- [Work instructions]:
Only the lines below between the ones containing "2nd bundle featuring" and "Initial letter Q", inclusive, are to be reproduced, each exactly as it stands.

- [Information given]:
+ + + + + + +

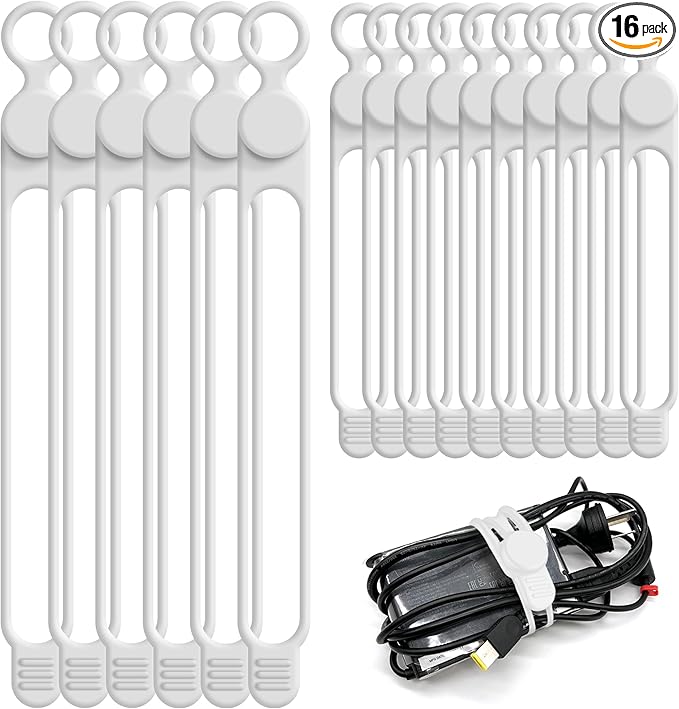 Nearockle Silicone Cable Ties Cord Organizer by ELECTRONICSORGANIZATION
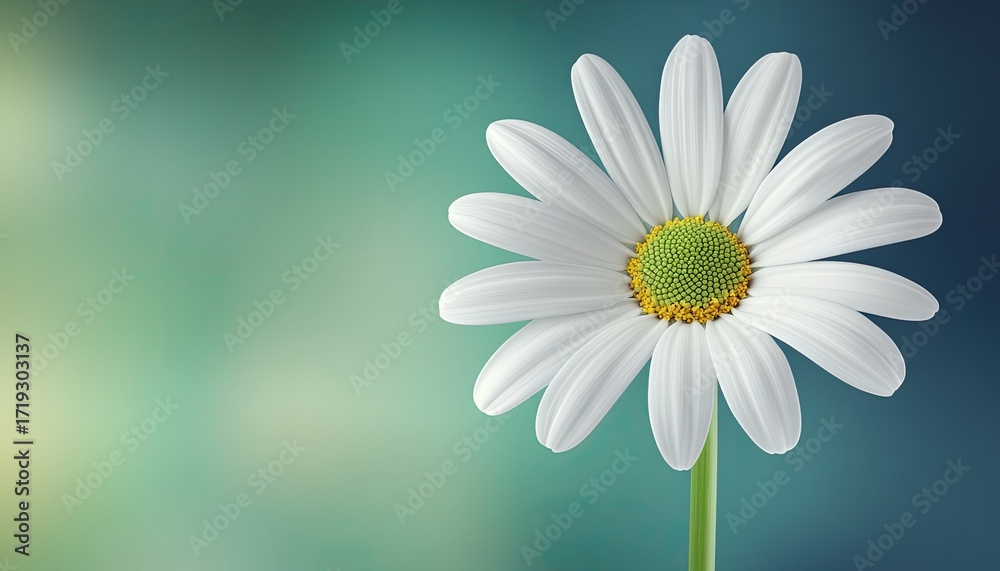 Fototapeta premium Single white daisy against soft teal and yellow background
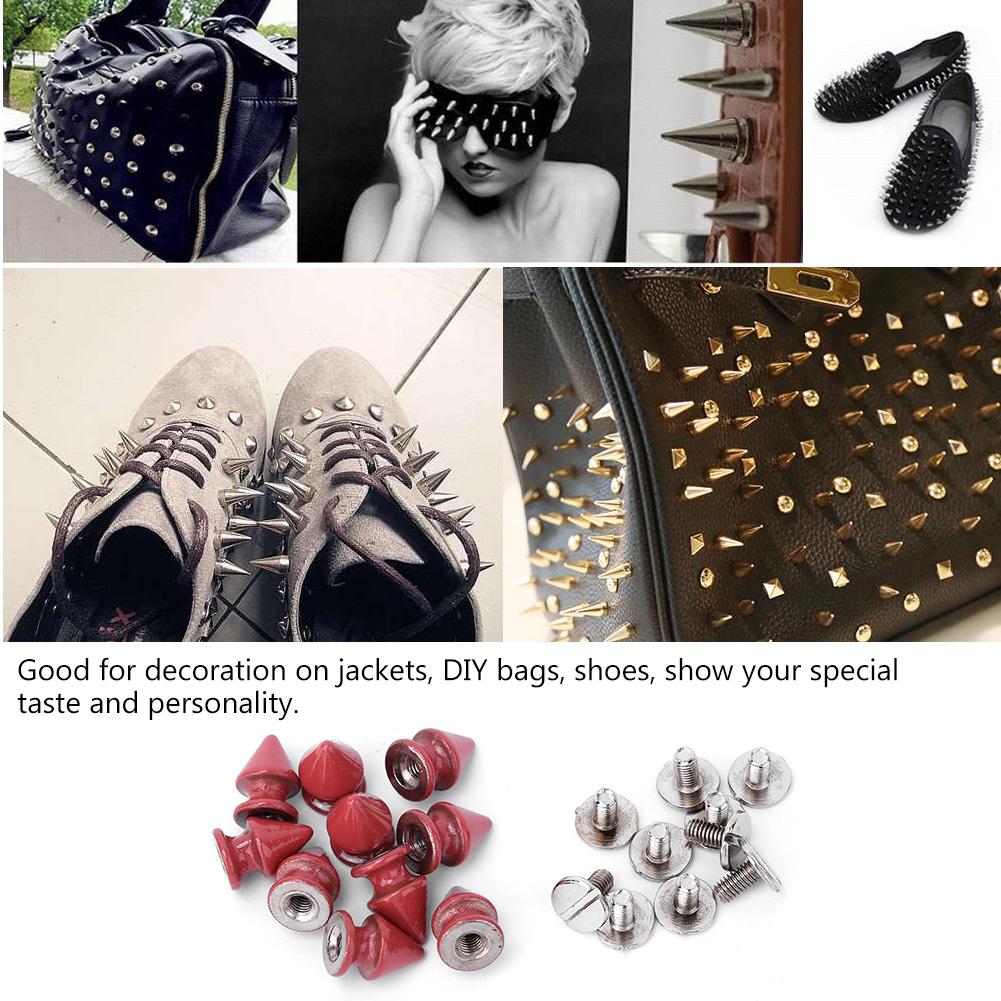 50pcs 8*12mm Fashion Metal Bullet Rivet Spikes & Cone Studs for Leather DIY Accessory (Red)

+ + + + + + +

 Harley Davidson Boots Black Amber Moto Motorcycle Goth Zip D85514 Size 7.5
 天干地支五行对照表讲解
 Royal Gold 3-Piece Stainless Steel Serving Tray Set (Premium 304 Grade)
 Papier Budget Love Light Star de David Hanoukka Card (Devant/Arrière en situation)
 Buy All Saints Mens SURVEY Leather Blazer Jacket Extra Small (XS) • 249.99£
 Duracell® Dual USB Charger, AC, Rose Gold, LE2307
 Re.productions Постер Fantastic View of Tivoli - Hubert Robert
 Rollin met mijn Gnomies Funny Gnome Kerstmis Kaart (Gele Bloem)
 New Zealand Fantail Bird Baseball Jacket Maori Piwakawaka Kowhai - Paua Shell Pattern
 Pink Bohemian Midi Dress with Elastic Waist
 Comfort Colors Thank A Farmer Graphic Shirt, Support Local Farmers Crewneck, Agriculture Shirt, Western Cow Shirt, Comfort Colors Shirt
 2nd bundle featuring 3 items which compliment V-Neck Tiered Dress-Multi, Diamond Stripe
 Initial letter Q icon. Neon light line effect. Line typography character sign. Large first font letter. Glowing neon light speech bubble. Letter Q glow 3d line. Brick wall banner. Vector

+ + + + + + +

- [Exercise solution]:
 2nd bundle featuring 3 items which compliment V-Neck Tiered Dress-Multi, Diamond Stripe
 Initial letter Q icon. Neon light line effect. Line typography character sign. Large first font letter. Glowing neon light speech bubble. Letter Q glow 3d line. Brick wall banner. Vector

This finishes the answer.